I will post an update when i am done/give up.

rubylaser

April 5th, 2012, 01:23 AM

So, your array is assembled and working now, in a degraded state? That's great! Did you recreate the array with the assume clean option?
What's the output of
cat /proc/mdstat

This thread (http://ubuntuforums.org/showthread.php?t=1470970) seems to cover the same error. Do you have any USB devices that you could unhook to see if it's an IRQ problem? Also, did you try a different SATA cable?

rcastberg

April 5th, 2012, 09:50 AM

My goal is now to copy as much off the disk to an external disk.
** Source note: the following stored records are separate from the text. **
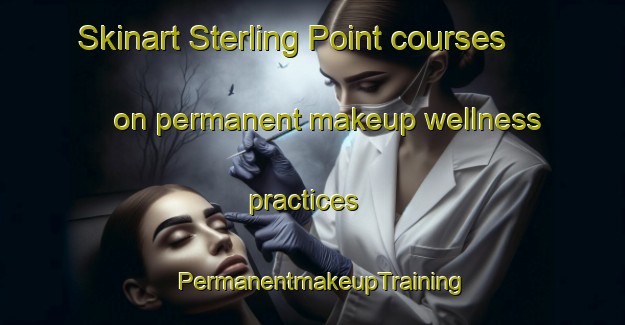 Skinart Sterling Point courses on permanent makeup wellness practices | PermanentmakeupTraining | PermanentmakeupClasses | SkinartTraining-United States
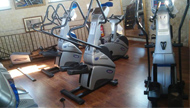 Tornádo fitness pro ženy Most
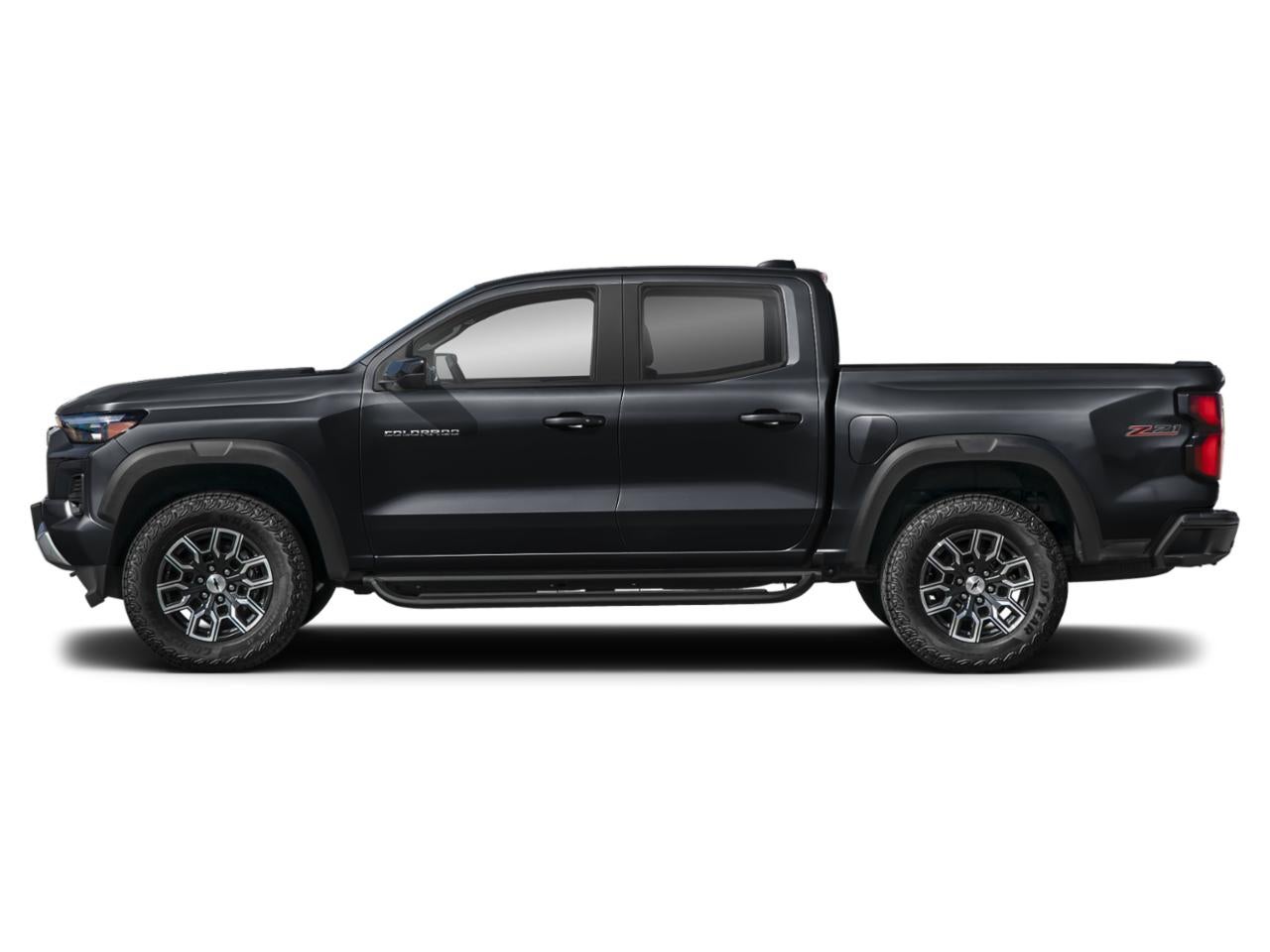 2026 Chevrolet Colorado Crew Cab Short Box 4-Wheel Drive Z71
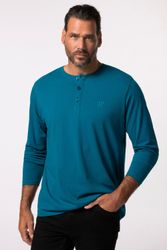 JP1880 T-Shirt JP1880 Henley Basic Shirt günstig online kaufen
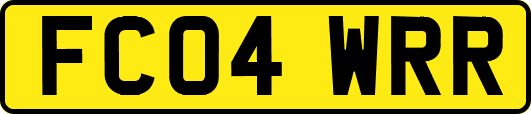 FC04WRR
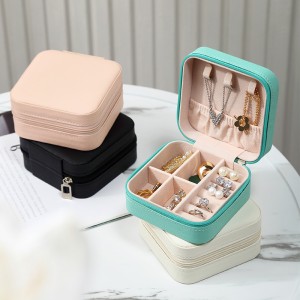Wedding Anniversary Bridesmaid Gifts, Women’s Bridesmaid Gifts, Bridesmaid Proposal Gifts Unique Gifts for Travel Jewelry Boxes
When the data is safe i will try to see if i can get some life into sdd. (I have many usb disks which i could unplug)

And then i will try again... Starting with zeroing out the first part of each drive to get rid of zfs and mdadm.

Self test on disk /dev/sdd completed without errors.

For others who might run into similar problems with btrfs, i was unable to use the btrfsck check succesfully and am now using btrfs-restore. This utility is able to use the file structure (unlike restore programs which only fine files without names) and copy the files to another drive.

cat /proc/mdstat
Personalities : [linear] [multipath] [raid0] [raid1] [raid6] [raid5] [raid4] [raid10]
md0 : active raid6 sdc[4] sda[2] sde[1] sdf[0]
5860538880 blocks super 1.2 level 6, 512k chunk, algorithm 2 [5/4] [UUU_U]

md127 : inactive sdd[3](S)
1953513560 blocks super 1.2

unused devices: <none>

I noticed that the labels of the disks are moving around sda and sdb are swapping names every now and then but i assume mdadm is smart enough to firgure this out when the pc boots.

rubylaser

April 5th, 2012, 12:15 PM

I noticed that the labels of the disks are moving around sda and sdb are swapping names every now and then but i assume mdadm is smart enough to firgure this out when the pc boots.

Yes it is, mdadm assembles the array based on the UUIDs in the superblock on each disk. So, the disk order really doesn't matter. Glad to hear you where able to recover your data.

darkod

April 5th, 2012, 12:23 PM

But wouldn't a disk name moving around point to a faulty cable or connection? If you are not touching anything, they would only move if the order of discovery of disks is different, in other words if one is disconnected.

Could this be in the wider picture of your problems?

Yes, mdadm can work with the UUID but you can't ignore if one of the disks has good or bad connection.

rubylaser

April 5th, 2012, 12:44 PM

It could, but the SMART data would show a bad SATA cable by looking at this line

199 UDMA_CRC_Error_Count 0x003e 200 200 000 Old_age Always - 0

Since the count is at zero, it's very unlikely that it's that.

darkod

April 5th, 2012, 01:10 PM

Sorry to be a pain, but where did you get that from? Because the OP has many disks, are we talking about the same?

I see only SMART info about sdd and sde posted, while the OP said that sda and sdb are switching places in the mdadm array.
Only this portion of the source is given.